### Scraped caption text data
────────────────────────────────────────
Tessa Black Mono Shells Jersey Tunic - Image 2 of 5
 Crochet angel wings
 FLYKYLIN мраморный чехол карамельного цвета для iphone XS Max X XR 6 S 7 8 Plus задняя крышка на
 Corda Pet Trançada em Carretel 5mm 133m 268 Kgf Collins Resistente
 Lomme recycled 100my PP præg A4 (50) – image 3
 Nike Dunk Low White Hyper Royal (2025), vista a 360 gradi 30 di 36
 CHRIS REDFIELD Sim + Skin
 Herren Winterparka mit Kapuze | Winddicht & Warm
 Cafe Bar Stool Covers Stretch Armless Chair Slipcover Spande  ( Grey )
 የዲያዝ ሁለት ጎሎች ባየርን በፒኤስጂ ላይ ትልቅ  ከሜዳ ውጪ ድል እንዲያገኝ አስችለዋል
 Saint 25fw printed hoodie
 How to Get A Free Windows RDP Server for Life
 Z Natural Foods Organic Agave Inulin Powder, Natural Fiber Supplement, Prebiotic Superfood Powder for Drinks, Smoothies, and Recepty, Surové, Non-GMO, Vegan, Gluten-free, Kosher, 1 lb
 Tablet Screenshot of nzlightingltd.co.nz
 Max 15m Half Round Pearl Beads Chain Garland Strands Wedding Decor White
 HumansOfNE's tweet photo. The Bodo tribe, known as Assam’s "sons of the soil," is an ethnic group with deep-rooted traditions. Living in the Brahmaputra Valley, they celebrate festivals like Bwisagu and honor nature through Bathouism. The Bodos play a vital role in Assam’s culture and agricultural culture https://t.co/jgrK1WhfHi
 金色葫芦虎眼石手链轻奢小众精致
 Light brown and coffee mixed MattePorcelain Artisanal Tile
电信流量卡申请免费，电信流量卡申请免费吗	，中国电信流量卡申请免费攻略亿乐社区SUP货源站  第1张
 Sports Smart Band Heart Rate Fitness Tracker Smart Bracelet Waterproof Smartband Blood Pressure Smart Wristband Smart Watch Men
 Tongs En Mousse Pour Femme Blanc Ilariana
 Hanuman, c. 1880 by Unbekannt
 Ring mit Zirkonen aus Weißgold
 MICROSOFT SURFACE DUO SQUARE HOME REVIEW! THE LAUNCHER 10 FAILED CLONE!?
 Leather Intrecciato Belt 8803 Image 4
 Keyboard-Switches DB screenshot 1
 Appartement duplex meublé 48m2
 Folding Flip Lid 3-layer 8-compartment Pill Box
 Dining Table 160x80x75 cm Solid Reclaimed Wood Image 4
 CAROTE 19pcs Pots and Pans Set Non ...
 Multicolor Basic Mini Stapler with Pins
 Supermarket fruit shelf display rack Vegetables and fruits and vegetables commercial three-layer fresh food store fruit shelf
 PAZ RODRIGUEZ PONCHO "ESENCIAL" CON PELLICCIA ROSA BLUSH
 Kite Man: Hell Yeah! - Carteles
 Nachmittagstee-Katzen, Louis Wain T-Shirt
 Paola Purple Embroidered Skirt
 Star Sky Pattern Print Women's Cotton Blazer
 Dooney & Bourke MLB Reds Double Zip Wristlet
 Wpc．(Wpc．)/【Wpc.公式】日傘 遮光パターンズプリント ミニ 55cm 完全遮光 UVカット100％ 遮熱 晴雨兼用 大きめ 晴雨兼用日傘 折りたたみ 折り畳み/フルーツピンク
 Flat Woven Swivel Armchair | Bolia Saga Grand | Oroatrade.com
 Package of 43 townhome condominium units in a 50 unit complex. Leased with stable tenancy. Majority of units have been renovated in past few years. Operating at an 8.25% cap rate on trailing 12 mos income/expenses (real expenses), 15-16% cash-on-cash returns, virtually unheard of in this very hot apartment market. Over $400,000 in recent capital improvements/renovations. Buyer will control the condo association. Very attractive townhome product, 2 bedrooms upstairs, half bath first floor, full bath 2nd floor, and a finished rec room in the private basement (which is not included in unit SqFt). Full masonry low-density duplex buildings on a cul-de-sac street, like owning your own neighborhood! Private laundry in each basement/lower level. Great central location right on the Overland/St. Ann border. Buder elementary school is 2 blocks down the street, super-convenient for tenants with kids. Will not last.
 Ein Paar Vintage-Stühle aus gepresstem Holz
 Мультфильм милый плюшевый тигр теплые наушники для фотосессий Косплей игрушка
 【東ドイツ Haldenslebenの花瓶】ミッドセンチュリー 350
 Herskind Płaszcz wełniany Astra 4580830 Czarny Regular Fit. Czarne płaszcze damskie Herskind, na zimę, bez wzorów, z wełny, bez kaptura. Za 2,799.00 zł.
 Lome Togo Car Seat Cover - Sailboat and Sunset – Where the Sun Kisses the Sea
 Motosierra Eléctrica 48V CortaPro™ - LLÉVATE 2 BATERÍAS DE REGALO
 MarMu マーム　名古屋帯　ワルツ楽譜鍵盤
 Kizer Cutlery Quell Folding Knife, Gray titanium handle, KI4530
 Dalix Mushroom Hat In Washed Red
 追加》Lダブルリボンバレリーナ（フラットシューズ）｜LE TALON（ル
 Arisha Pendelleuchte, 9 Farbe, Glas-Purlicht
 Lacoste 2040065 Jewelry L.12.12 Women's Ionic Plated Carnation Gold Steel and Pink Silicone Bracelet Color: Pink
────────────────────────────────────────
### EXERCISE BRIEF
Will you return exactly the lines above from the one with "Hanuman, c. 1880 by Unbekannt" down to the one with "Ein Paar Vintage-Stühle aus gepresstem Holz", counting both as part of the range?

### RESPONSE AREA
 Hanuman, c. 1880 by Unbekannt
 Ring mit Zirkonen aus Weißgold
 MICROSOFT SURFACE DUO SQUARE HOME REVIEW! THE LAUNCHER 10 FAILED CLONE!?
 Leather Intrecciato Belt 8803 Image 4
 Keyboard-Switches DB screenshot 1
 Appartement duplex meublé 48m2
 Folding Flip Lid 3-layer 8-compartment Pill Box
 Dining Table 160x80x75 cm Solid Reclaimed Wood Image 4
 CAROTE 19pcs Pots and Pans Set Non ...
 Multicolor Basic Mini Stapler with Pins
 Supermarket fruit shelf display rack Vegetables and fruits and vegetables commercial three-layer fresh food store fruit shelf
 PAZ RODRIGUEZ PONCHO "ESENCIAL" CON PELLICCIA ROSA BLUSH
 Kite Man: Hell Yeah! - Carteles
 Nachmittagstee-Katzen, Louis Wain T-Shirt
 Paola Purple Embroidered Skirt
 Star Sky Pattern Print Women's Cotton Blazer
 Dooney & Bourke MLB Reds Double Zip Wristlet
 Wpc．(Wpc．)/【Wpc.公式】日傘 遮光パターンズプリント ミニ 55cm 完全遮光 UVカット100％ 遮熱 晴雨兼用 大きめ 晴雨兼用日傘 折りたたみ 折り畳み/フルーツピンク
 Flat Woven Swivel Armchair | Bolia Saga Grand | Oroatrade.com
 Package of 43 townhome condominium units in a 50 unit complex. Leased with stable tenancy. Majority of units have been renovated in past few years. Operating at an 8.25% cap rate on trailing 12 mos income/expenses (real expenses), 15-16% cash-on-cash returns, virtually unheard of in this very hot apartment market. Over $400,000 in recent capital improvements/renovations. Buyer will control the condo association. Very attractive townhome product, 2 bedrooms upstairs, half bath first floor, full bath 2nd floor, and a finished rec room in the private basement (which is not included in unit SqFt). Full masonry low-density duplex buildings on a cul-de-sac street, like owning your own neighborhood! Private laundry in each basement/lower level. Great central location right on the Overland/St. Ann border. Buder elementary school is 2 blocks down the street, super-convenient for tenants with kids. Will not last.
 Ein Paar Vintage-Stühle aus gepresstem Holz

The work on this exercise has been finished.